### [What to work on]
Take the entries that follow and return only the lines from the one with "NCT: ¿por qué" through the final line, leaving every picture behind.

### [Data]
BEGIN

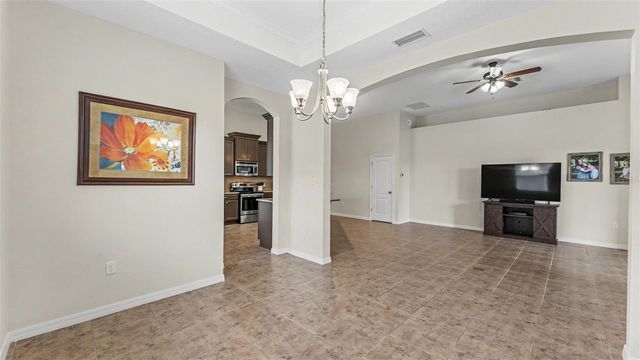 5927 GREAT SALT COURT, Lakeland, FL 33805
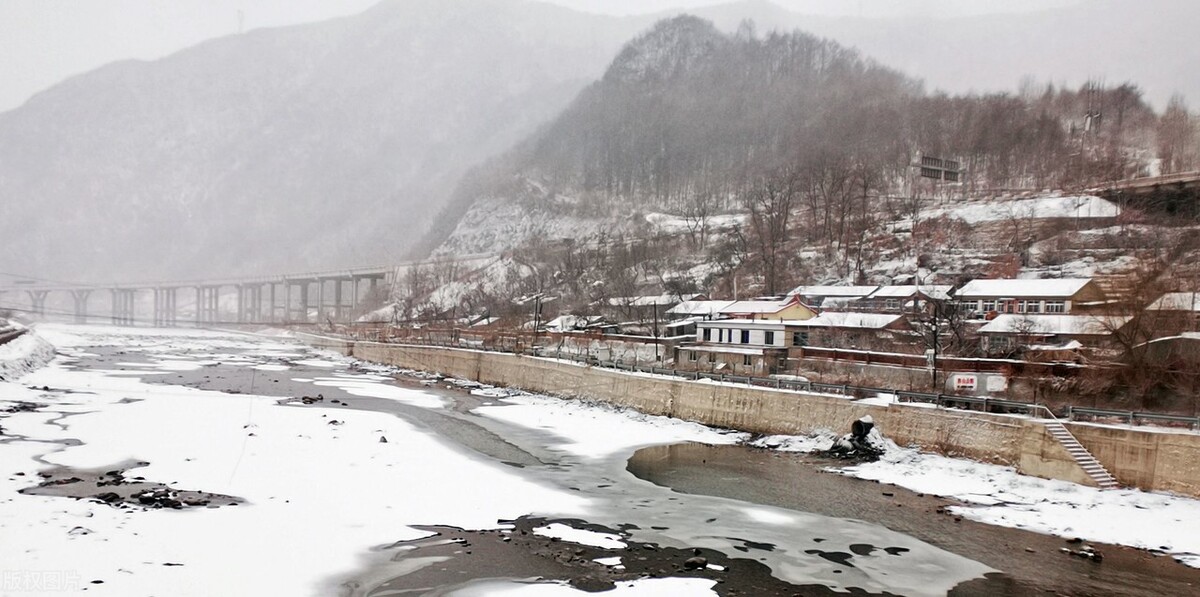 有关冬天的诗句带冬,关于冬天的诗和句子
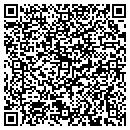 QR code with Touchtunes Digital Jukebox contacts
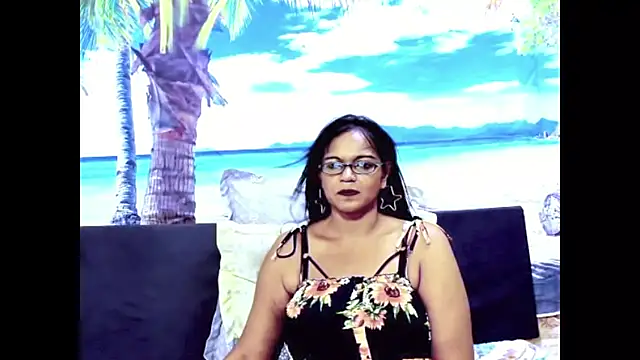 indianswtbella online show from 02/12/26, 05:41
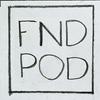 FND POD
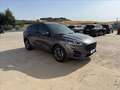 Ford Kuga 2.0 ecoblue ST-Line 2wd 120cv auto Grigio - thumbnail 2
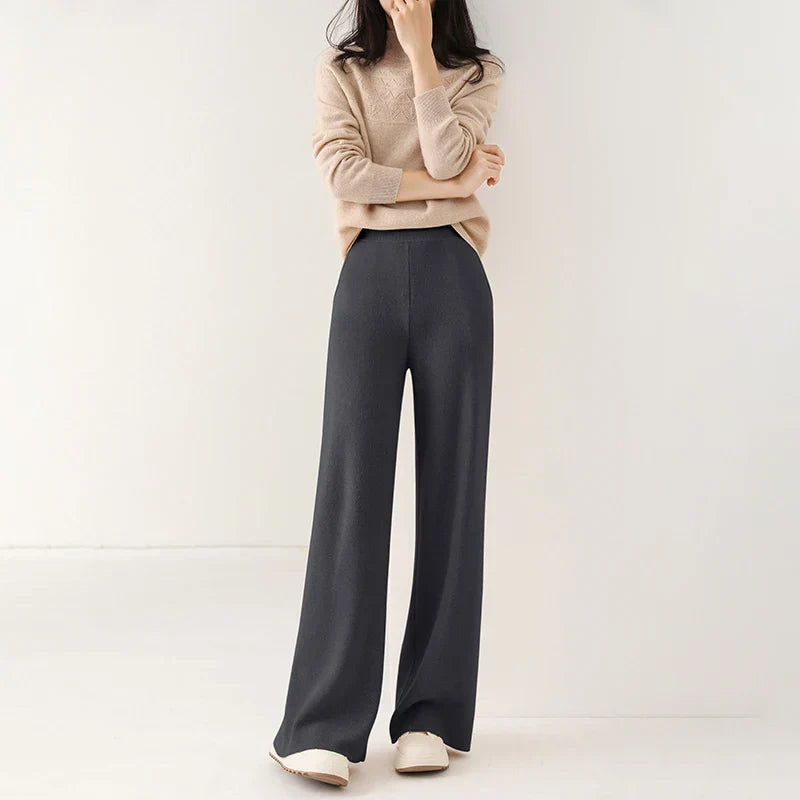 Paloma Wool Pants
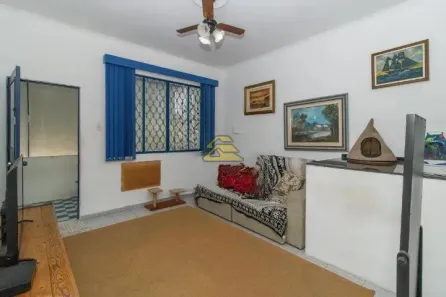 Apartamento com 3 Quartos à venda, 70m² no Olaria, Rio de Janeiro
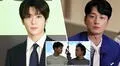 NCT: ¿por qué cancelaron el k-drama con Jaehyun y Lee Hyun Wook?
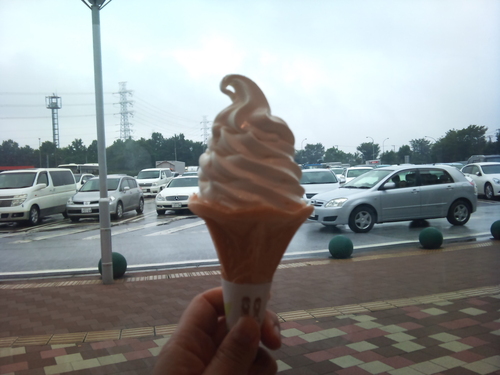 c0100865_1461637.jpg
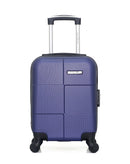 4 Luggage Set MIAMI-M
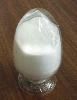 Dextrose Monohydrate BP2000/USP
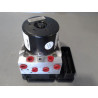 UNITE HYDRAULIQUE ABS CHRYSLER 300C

END

### [Exercise output]
 NCT: ¿por qué cancelaron el k-drama con Jaehyun y Lee Hyun Wook?
 c0100865_1461637.jpg
 4 Luggage Set MIAMI-M
 Dextrose Monohydrate BP2000/USP
 UNITE HYDRAULIQUE ABS CHRYSLER 300C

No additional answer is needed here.